The U.S. economy burned through an average of 20.46 million barrels of crude oil and related liquids each day last year, according to BP's (BP -0.20%) latest annual Statistical Review of World Energy. That was about 500,000 barrels per day (BPD), or 2.5%, more than 2017's total, and the largest demand increase in more than a decade. Overall, America accounted for 20.5% of the world's oil and related liquid consumption last year. (That includes liquid derivatives of coal and natural gas, as well as biodiesel and biogasoline products such as ethanol.) 

What was interesting, though, is that the amount of oil the U.S. used to make fuels like gasoline fell last year. Here's a look at what actually drove demand growth.

Multiple oil pumps at sunrise.

Image source: Getty Images.

Drilling down into what driving America's growing oil demand

BP breaks oil demand into four categories:

  1. Light distillates, which are refined into things like gasoline.
  2. Middle distillates, which are the types of oil used to make jet fuel, heating kerosene, and diesel.
  3. Fuel oils, which are used as a marine bunker fuel for ships, as well as for home heating.
  4. Others, which are the types of oil that are turned into solvents, wax, and lubricants. This category also includes natural gas liquids (NGLs) like liquid petroleum gas (LPG) and ethane, which petrochemical companies use as the raw materials in manufacturing plastics and chemical products.

BP's report found that one of America's significant drivers of oil demand was in middle distillates; consumption rose by 3.8% to nearly 6 million BPD. That was due in part to strong economic growth, which drove demand for diesel to fuel 18-wheelers and other commercial vehicles. In addition, America is exporting increasing qualities of diesel and jet fuel to global markets where prices are higher.

BP's report also showed that demand in the "other" category grew at an even stronger 7.2% pace to 4.6 million BPD. That was due mainly to the completion of new petrochemical complexes domestically. CP Chem, a joint venture between refiner Phillips 66 (PSX -1.86%) and oil giant Chevron (CVX -0.41%), was one of several companies that finished U.S. petrochemical expansion projects in early 2018. Phillips 66 and Chevron invested $6 billion into three facilities, one of which will crack ethane to produce 1.5 million metric tons of ethylene a year. Ethylene is the most common building block for plastics, which is what the other two CP facilities will convert it into.

While American refineries and petrochemical plants processed more oil and liquids to make diesel and petrochemicals, they refined less of it into products like gasoline and fuel oil. According to BP, oil used to make light distillates fell by 0.1% last year. That was due in large part to the increasing fuel efficiency of new vehicles. Meanwhile, the amount of oil used to make fuel oils fell by 5.9% due to warmer winter temperatures across the U.S., as well as the ongoing shift toward heating homes with cleaner-burning natural gas.

Refinery at twilight with a beautiful sky in the background.

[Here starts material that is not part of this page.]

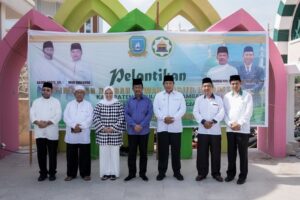 GALERI FOTO: Tiga Hari, Mengiring Lawatan Wagub Marlin di Kabupaten Anambas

Image source: Getty Images.

NGLs: America's new hot commodity

One of the key findings of BP's report is the growing demand for oil and liquids by petrochemical plants. BP's chief economist Dale Spencer stated that "the increased importance of petrochemicals in driving oil demand growth was also evident in the global production breakdown, with products most closely related to petrochemicals accounting for around half of the overall growth in demand."

America is a key driver of the rising demand for these liquids due to the recent completion of several petrochemical plants along the U.S. Gulf Coast -- and more such facilities are on the way. ExxonMobil, for example, recently approved the construction of a $2 billion expansion of its chemical plant in Baytown, Texas. Meanwhile, Phillips 66 and Chevron are considering investing between $5 billion and $6 billion on another new U.S. petrochemical expansion project that would turn ethane into ethylene.

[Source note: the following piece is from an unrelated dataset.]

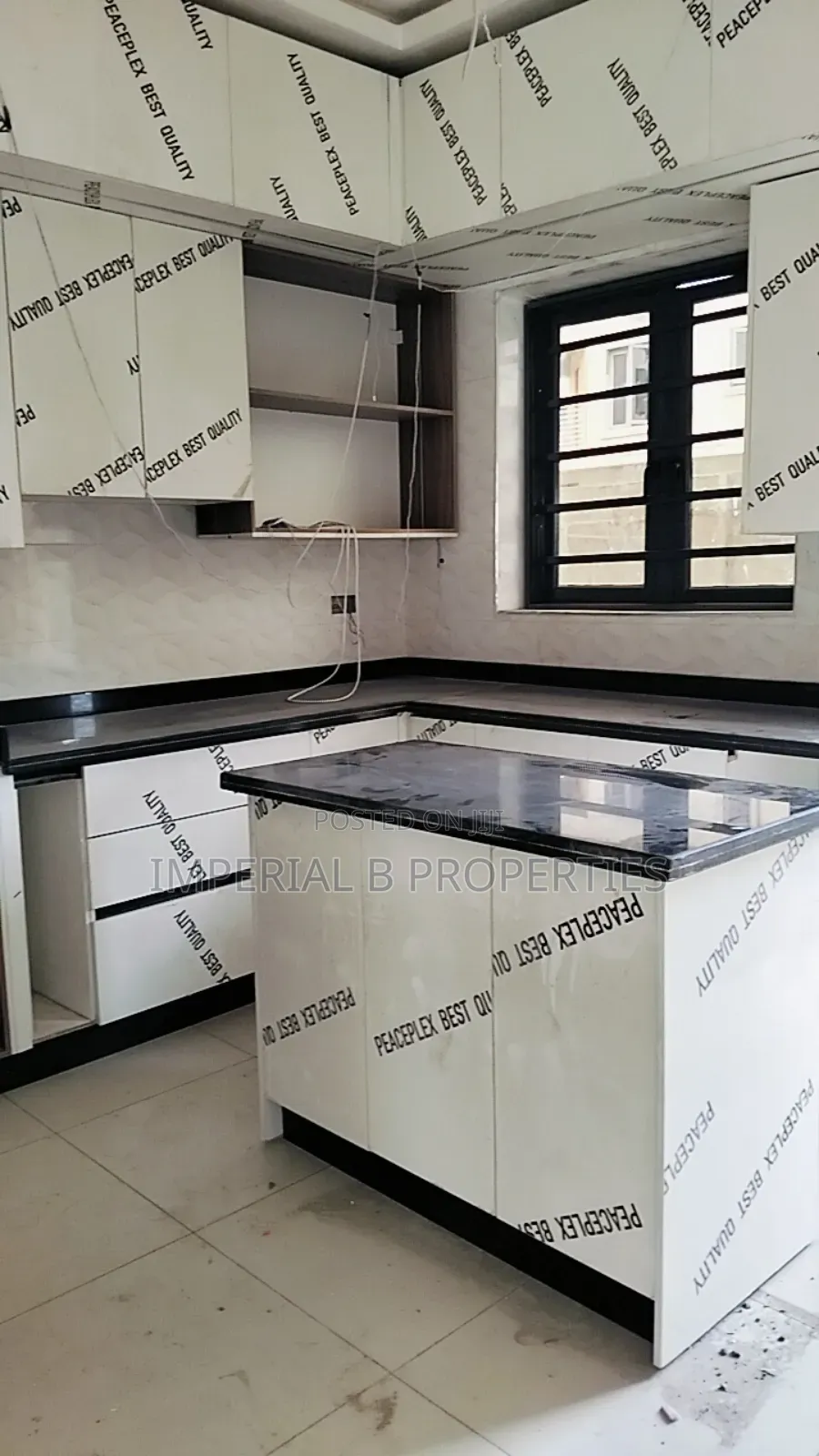 Luxury 4bedrooms Automated Terrace Duplexes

In addition to consuming NGLs domestically, American companies are exporting increasing volumes of not only these liquids but their end products. Midstream companies such as Energy Transfer (ET 0.62%) and Enterprise Products Partners (EPD 0.66%) are building new facilities for the purpose. Last spring, Energy Transfer partnered with China's Satellite Petrochemical to construct a new ethane export facility along the U.S. Gulf Coast. It expects to compete the Orbit export terminal by the end of next year, which will enable it to ship 150,000 barrels of ethane per day to Satellite's facilities in China. Meanwhile, Enterprise Products Partners is expanding its world-leading LPG export capacity, and is also building a facility to export ethylene. As these facilities enter service, they'll drive further demand growth.

America is becoming a petrochemical powerhouse

While America's demand for oil and related liquids reached new heights last year, it's not because we're consuming more gasoline. Instead, our rising appetite was mainly due to the completion of several new petrochemical plants that turn liquids like NGLs into the building blocks of plastics. With the second wave of petrochemical plants coming, and more export capacity under construction, U.S. demand should continue rising.